Figure 2 is the example of a type of document that our customers upload. The document on the top is a drawing, while the document on the bottom is a specification. While these documents look very different, they contain similar textual content. Both are about codes and standards, and contain similar groups of words i.e. "code," "electrical," "fire," "requirements," etc. As a result, we cannot use a text classification model to classify them. Instead, Procore’s AI team developed a high accuracy model that takes both text and graphical features into account. The graphical content includes the area, orientation, portion of textual context, portion of line, path and curves etc. This model learns that drawings usually present more graphical components, while specifications contain specification-related keywords.
Figure 2 - A sample portion of engineering drawing (top) and sample portion of engineering specifications (bottom)
Entity Recognition Problem
When document controllers upload documents, they have to enter information related to each document, such as title, description, and document number. We wanted to help our customers automate this process with the auto-suggestion feature. We approached this as an entity recognition problem. Traditionally, we convert a document into a sequence of tokens and determine whether each token is an entity we look for. However, in certain construction documents such as drawings, a sequence of tokens by itself is not sufficient. Figure 3 below is illustrative. In this example, assuming we want to extract the title of this drawing. As can be seen from the sequence of text alone, it is difficult to determine which words (if any) are part of the document title (e.g., "KEY PLAN" or "BUILDING SECTIONS" could be a valid title). To distinguish, we have to rely on graphical information, such as the layout of this document, font size, or the position of words in the document. Procore’s AI team tackled this by developing a highly-accurate AI model that understands not only words, but also their positions and document layout. We trained this model with our hand crafted construction dataset.
Figure 3 - A sample of engineering drawing that auto-suggest model struggles.

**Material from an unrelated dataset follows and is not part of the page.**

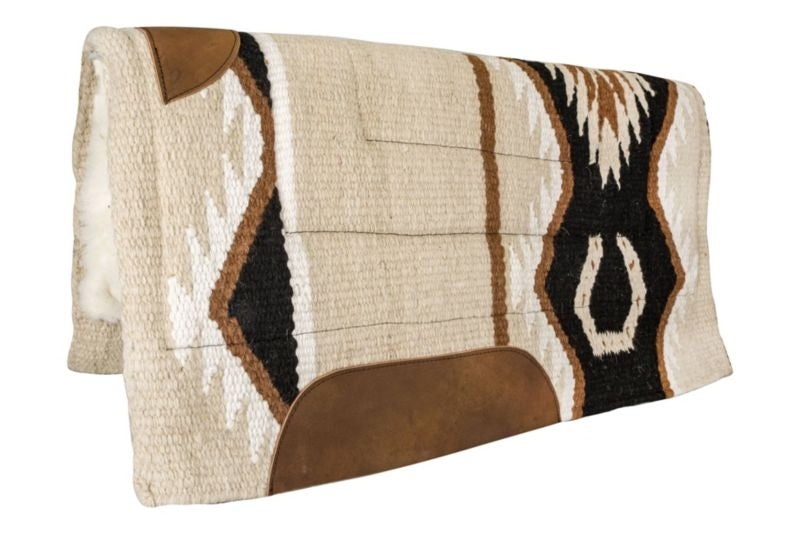 Tabelo Wool Show Pad with Horseshoe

Both "BUILDING SECTIONS" and "KEY PLAN" could be the drawing title.
Optical Character Recognition
As discussed above, both the classification problem and the entity-recognition problem initially require text extraction from documents. Documents typically uploaded into Procore are PDFs, which are either vector or raster, where different text extraction techniques are needed. Vector PDF files are usually converted from document editing files (e.g., Microsoft Word®). Since textual content is embedded in vector PDF files, we can use PDF Extractor to extract text from them. In contrast, raster PDF files are scanned images and require optical character recognition (OCR) to extract text.
Unfortunately, most off-the-shelf OCR engines that often perform well on typical documents, do not necessarily perform well on construction documents. Procore AI team developed an in-house OCR engine that outperforms off-the-shelf OCR engines on our construction documents. Our deep-learning based model learns on our massive construction dataset so that it can detect text with higher accuracy. Even in extreme cases such as figure 4, where text orientation is curved and surrounded by graphical components, our OCR engine is able to detect words correctly.
Figure 4 - A portion of engineering drawing text that most OCR engines do not work
Procore’s AI team helps our customers automate labor-intensive document management by providing a cutting-edge AI solution - document understanding. The solution includes document classification, entity recognition, and custom OCR. The key technical challenges include the differences between construction documents and typical documents resulting in an off-the-shelf approach not working well. We overcome these challenges by using integrated graphical and texture information to our deep learning models. Our AI solution is highly accurate and is scalable to support our customers across the world.